Il Vangelo odierno: In quel giorno, venuta la sera, Gesù disse ai suoi discepoli: «Passiamo all’altra riva». E, congedata la folla, lo presero con sé, così com’era, nella barca. C’erano anche altre barche con lui.
Ci fu una grande tempesta di vento e le onde si rovesciavano nella barca, tanto che ormai era piena. Egli se ne stava a poppa, sul cuscino, e dormiva. Allora lo svegliarono e gli dissero: «Maestro, non t’importa che siamo perduti?».
Si destò, minacciò il vento e disse al mare: «Taci, calmati!». Il vento cessò e ci fu grande bonaccia. Poi disse loro: «Perché avete paura? Non avete ancora fede?».
E furono presi da grande timore e si dicevano l’un l’altro: «Chi è dunque costui, che anche il vento e il mare gli obbediscono?» (Mc 4,35-41 – XII TO B).
Non ci sono solo le guerre, ci sono tante situazioni di incertezza e di paura. La paura è, di fatto, una condizione esistenziale. Nella vita sono tante le paure: quella di crescere, di essere autonomi, di intraprendere relazioni stabili e durature, di non trovare o cambiare lavoro; ci sono le paure delle malattie, dei rischi per strada, del terrorismo, di incappare in ladri, briganti, maniaci sessuali, pedofili, violentatori, truffatori. E così via. Su di tutte emerge, madre e sovrana, la paura della morte. Forse oggi le avvertiamo di più perché siamo molto più fragili rispetto alle generazioni passate. Tuttavia si comprende bene come il problema è, innanzitutto, antropologico, prima che sociale e politico. Ovviamente non esistono ricette, vista l’ampiezza del problema e i suoi mille volti. Certamente esistono percorsi educativi e psicologici che aiutano a fronteggiare e superare le tante paure. Come esiste, nel nostro caso, una riflessione che va fatta su fede e paura.

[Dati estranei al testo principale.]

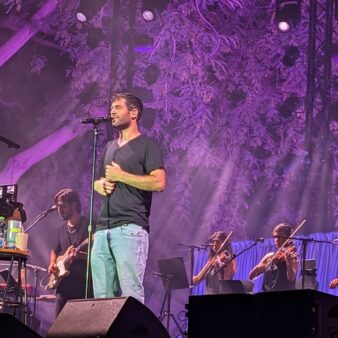 שגיא דקל חן בהופעה בניר עוז. בשירים הכי קשים ומרים באלבום יש ניצוץ של אהבת החיים (צילום: קרן שמש)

Il punto è capire, allora, come e se la nostra fede genera e amplifica incertezze e paure o come le riduce e le controlla. Domande difficili. Gli Apostoli sulla barca, in preda alla paura, vivono un momento di crisi non solo con se stessi, tanto da sentirsi “perduti”, ma anche tra di loro, con la potenza del vento e persino con il Signore Gesù. Il tutto trova espressione in quel grido ansioso: “Maestro, non t’importa che siamo perduti?” . Gesù ristabilisce un ordine pacifico e benefico. Ordina al vento di tacere e di calmarsi. Ma la tempo stesso rimprovera i discepoli per la paura che deriva dalla loro mancanza di fede, ossia da una relazione con Dio in crisi. “Tutto è in relazione”, dice il papa nelle Laudato si’. Quindi se una relazione (con Dio) va in crisi, ne risentono anche le altre tre relazioni fondamentali (con se stessi, con gli altri e con la natura). Si tratta, allora, per chi non lo fa già, di non pensare mai la propria vita a compartimenti stagni, ma pensarla, meditarla, progettarla e realizzarla come un “tutto in relazione”: con se stessi, con gli altri, con la natura e con Dio.

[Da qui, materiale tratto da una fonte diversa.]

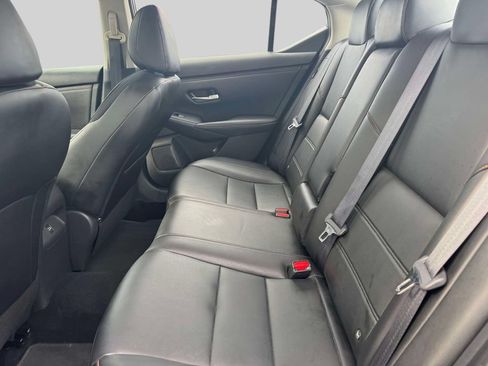 Used 2023 Nissan Sentra SR w/ SR Premium Package FWD image 11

Parole illuminanti quelle di Dietrich Bonhoeffer: “Comprendete l’ora della tempesta e del naufragio, è l’ora della inaudita prossimità di Dio, non della sua lontananza. Là dove tutte le altre sicurezze si infrangono e crollano e tutti i puntelli che reggevano la nostra esistenza sono rovinati uno dopo altro, là dove abbiamo dovuto imparare a rinunciare, proprio là si realizza questa prossimità di Dio, perché Dio sta per intervenire, vuol essere per noi sostegno e certezza. Egli distrugge, lascia che abbia luogo il naufragio, nel destino e nella colpa; ma in ogni naufragio ci ributta su di Lui. Questo ci vuole mostrare: quando tu lasci andare tutto, quando perdi e abbandoni ogni tua sicurezza, ecco, allora sei libero per Dio e totalmente sicuro in Lui. Che solo ci sia dato di comprendere con retto discernimento le tempeste della tribolazione e della tentazione, le tempeste d’alto mare della nostra vita! In esse Dio è vicino, non lontano, il nostro Dio è in croce. La croce è il segno in cui la falsa sicurezza viene sotto posta a giudizio e viene ristabilita la fede in Dio”.